WHAT IS REQUIRED: Going through the material below, output exactly the lines from the one containing "Quinta T0 para" through the one containing "Balenciaga Unisex Hoodie", and no pictures.

RECORD SET:
· · · ·

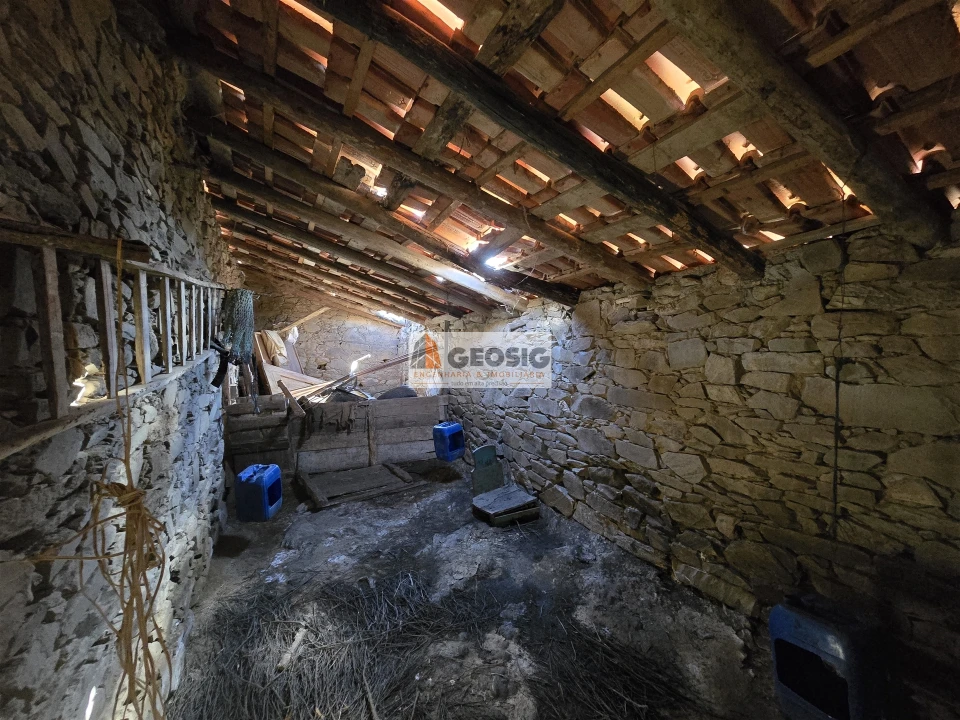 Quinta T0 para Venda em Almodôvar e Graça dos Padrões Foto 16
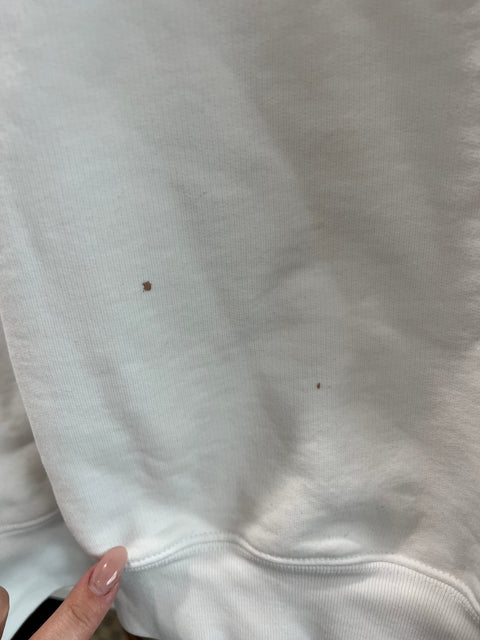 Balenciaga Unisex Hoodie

· · · ·

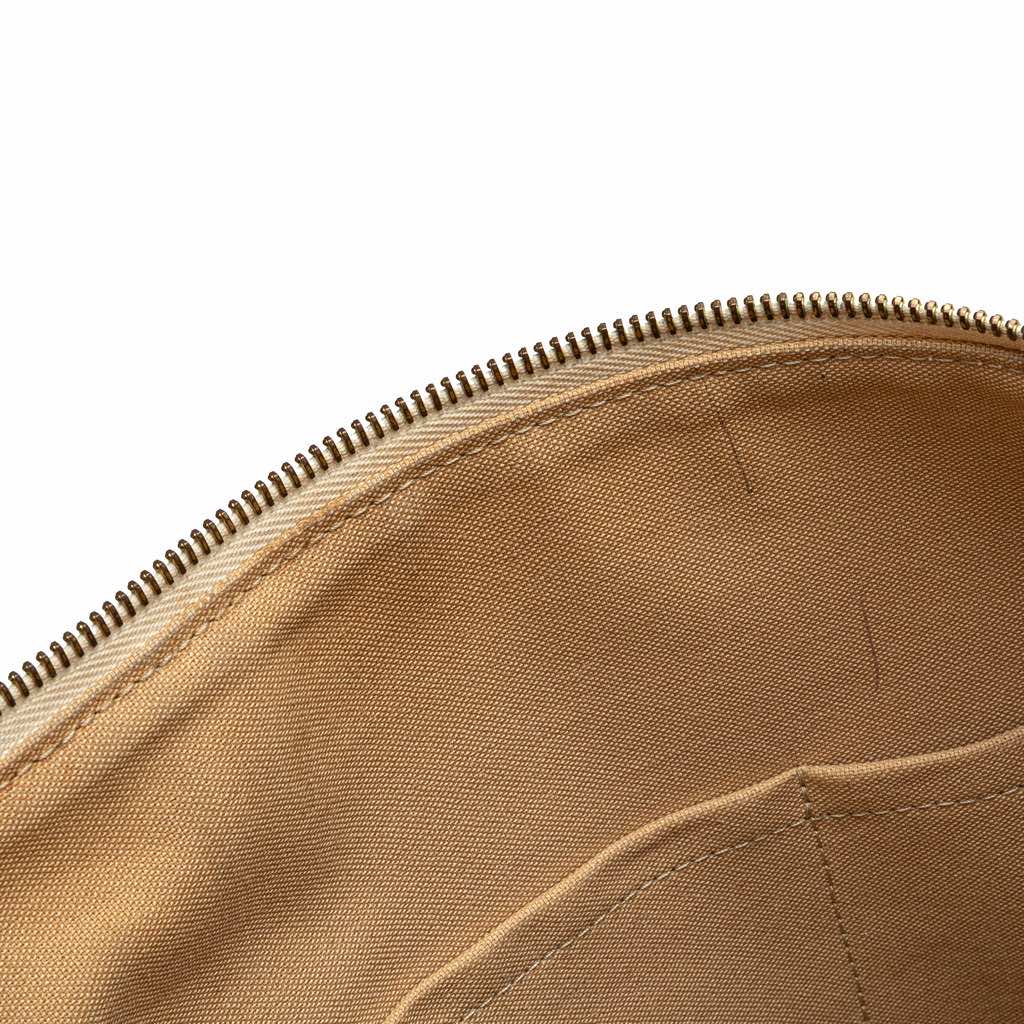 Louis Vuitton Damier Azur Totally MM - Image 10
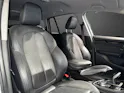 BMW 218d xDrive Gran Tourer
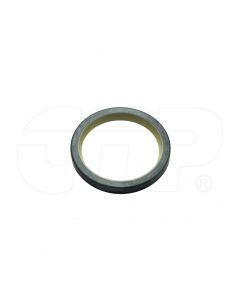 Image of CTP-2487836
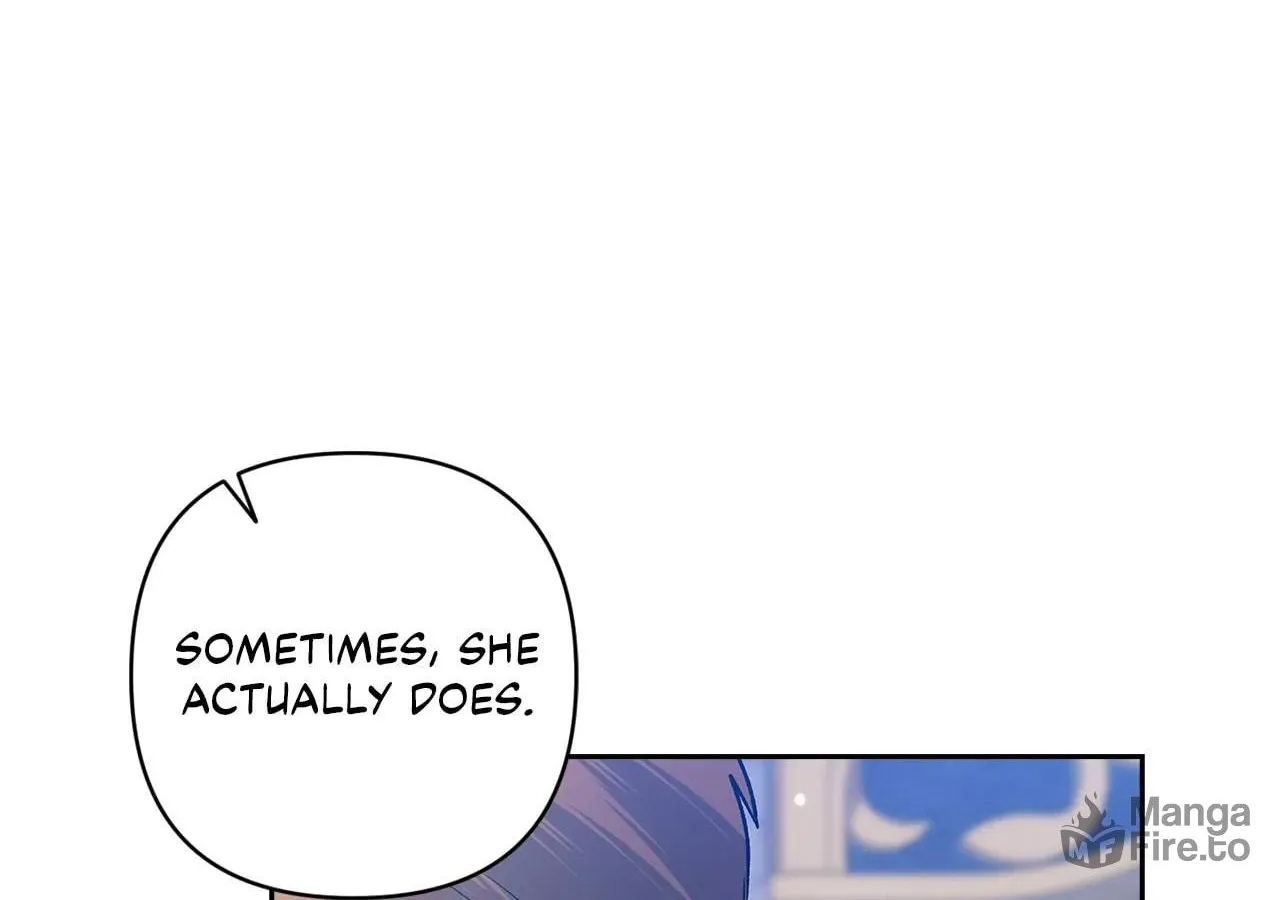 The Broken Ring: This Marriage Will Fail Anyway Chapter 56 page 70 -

· · · ·

REPLY:
 Quinta T0 para Venda em Almodôvar e Graça dos Padrões Foto 16
 Balenciaga Unisex Hoodie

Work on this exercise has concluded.